Friday, December 3, 2004


Underground spokesman explains manhole life

10,000 homeless people are living in Ulaanbaatar according to research by the Homeless People’s Movement of Ulaanbaatar, as reported by Mongoliin Medee. The movement is an unofficial organization formed by homeless people in the city. The movement had planned to organize a demonstration on Independence Day in order to demand land from the government.

Ts.Nyamdavaa, a member of a the movement’s council, said they had eventually decided to not to hold the demonstration because they should first get agreement from all the homeless people to participate in the demonstration and should register the movement officially with the Ministry of Justice and Internal Affairs. “We should live above ground because we have a right to live and stay alive under the Law on Constitution …We are living stateless and we should become integrated with society,” Nyamdavaa said, explaining that they only want the right to land and that if they have land they can to establish a town for themselves.

They established a council of seven people who are better educated.
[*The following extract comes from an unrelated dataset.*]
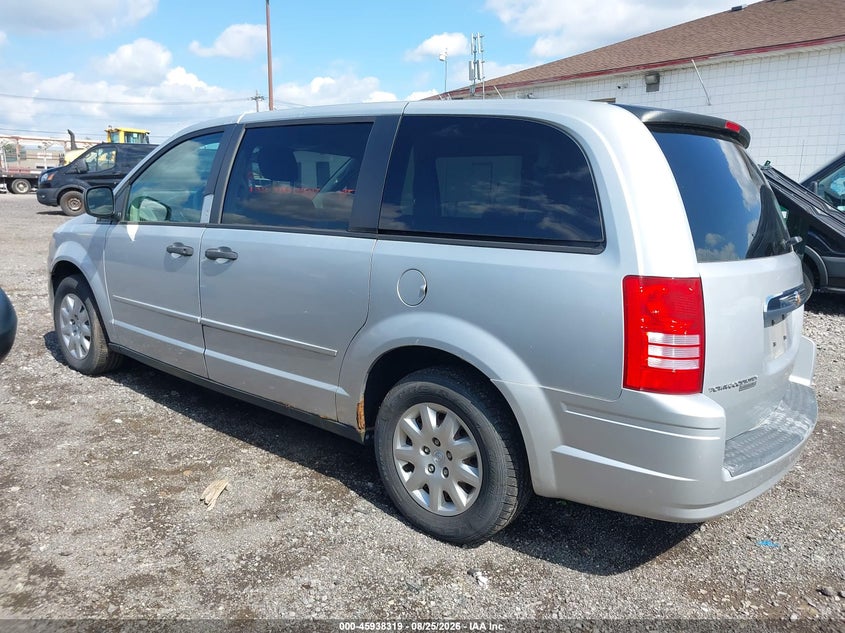 2008 CHRYSLER TOWN & COUNTRY auction photo 3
The movement did an unofficial survey of homeless people who live in manholes and garbage dumps in and around Ulaanbaatar. Their findings show that 70 percent of them are girls and women and 25 percent of them are elderly. The survey also counted 248 manholes in the city, over 100 of which have been closed and locked in the last year to protect the heating network from damage. Those who previously lived in the manholes that have been closed have now had to compete for other places to stay.

At present there are a minimum of two and a maximum 30 people are living in a manhole, Nyamdavaa said.He said that two extra people per week come to underground life from above ground and explained that most of the people living in manholes have been expelled from their families. When questioned about how the people behaved to have become expelled from their house, Nyamdavaa replied that although there are alcoholic people in manholes, not all of them are alcoholic. “It is not true to say that most of them are alcoholic. There are even people who were deeply in debt or homeless.”
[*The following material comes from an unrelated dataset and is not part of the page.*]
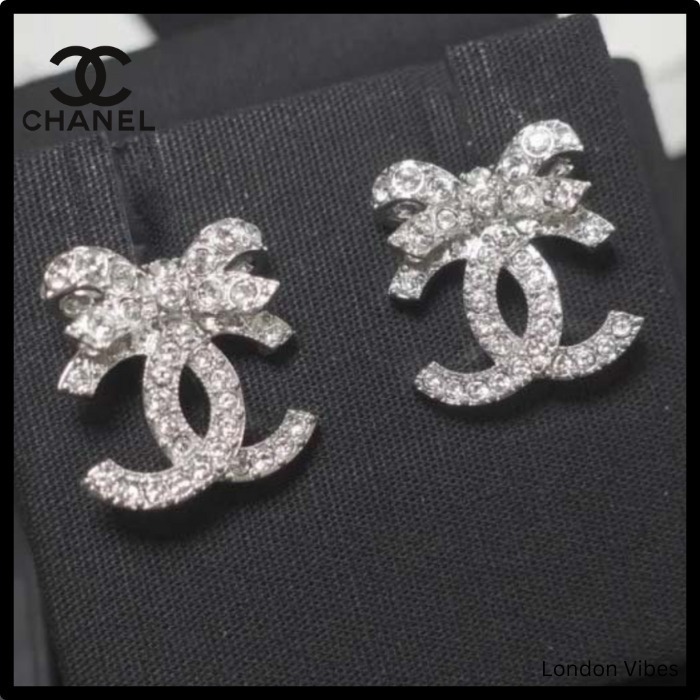 国内発送 キラキラリボンが可愛い♪ CHAN ピアス CCロゴ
He gave one example of a person who had recently come to his manhole who had been running a shop. The man had taken out a loan for his shop, but then it had burned down while he was absent. He was unable to repay the debt and he sold his house and car in order to pay the debt. When he became homeless and he had no way of earning a living, he came under great pressure from his wife and brothers. So he left his family and went to live underground. Nyamdavaa says there are many respected people living underground who are honored painters, singers, engineers, and state prizewinning teachers.
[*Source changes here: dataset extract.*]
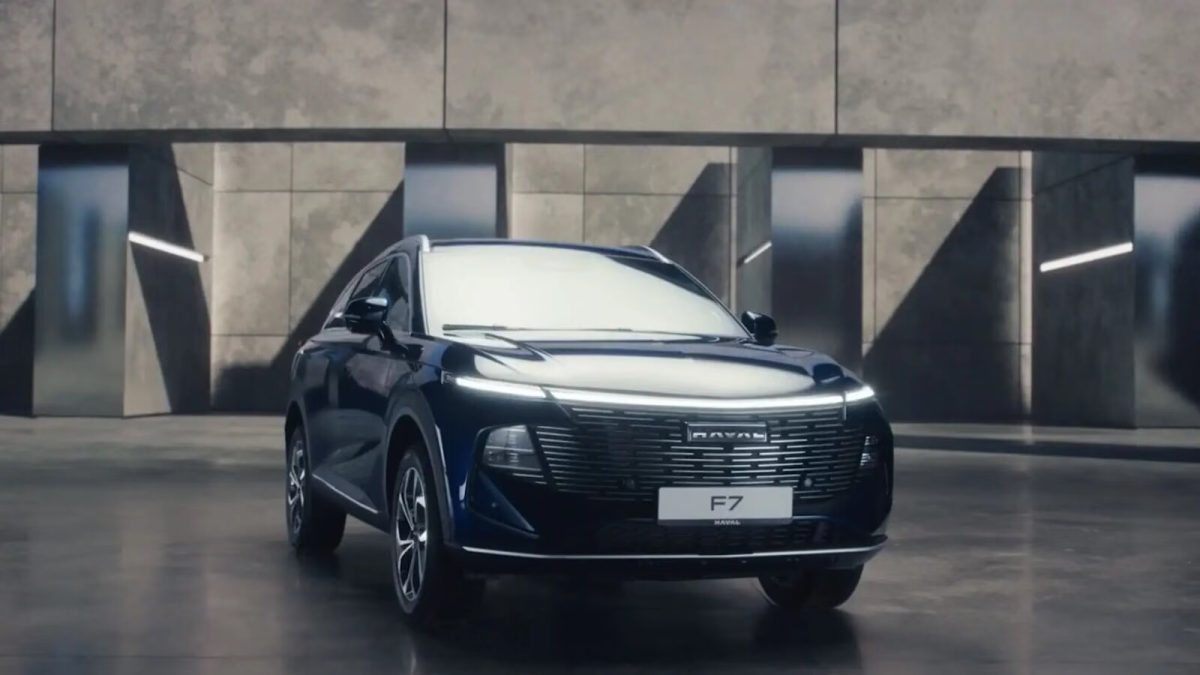 Haval F7 в тёмной студии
These are people who have not been able to adjust to changes in society. He points out that although those living in manholes have left their former lives, they still have feelings like other people and some of them are married to each other and have had children together. He adds that those who are living underground because of problems in their normal life are still not happy underground. “As for me, I console myself that I’m living freely and without any responsibility” he said. He explained how many homeless people earn money, saying that they go to work three times a day, collecting rubbish.

They ‘own’ the garbage bins situated close to buildings, apartments and industries and earn a minimum of Tg3,000 a day. “People think that we just collect garbage but we actually collect money because the people drop their money in the form of bottles, cans and bones from meat.

The most profitable things are bottles because we can get twice as much for them as for other kinds of garbage. I buy the bottles from people who collect them and then sell them on to bottle collection points. I also clear snow from land at the front of bars, restaurants and other organizations and get Tg1,000 from each of them. And I make a contract with the organizations to collect their cans and bottles”.He said that the homeless people are not interested in saving money because they don’t need to buy clothes or other such things. They spend the money they earn the same evening on alcohol, food and entertainment.

Nyamdavaa explained he that lives his life passing the days without any goal. There is a saying amongst homeless people that they must live to see another day. He explained this saying as expressing solidarity between those who live below ground and are not respected by the rest of society. He complained that homeless people are often beaten by police and are ejected from public transport with conductors citing that they smell. He also explained how homeless people have no rights to medical care.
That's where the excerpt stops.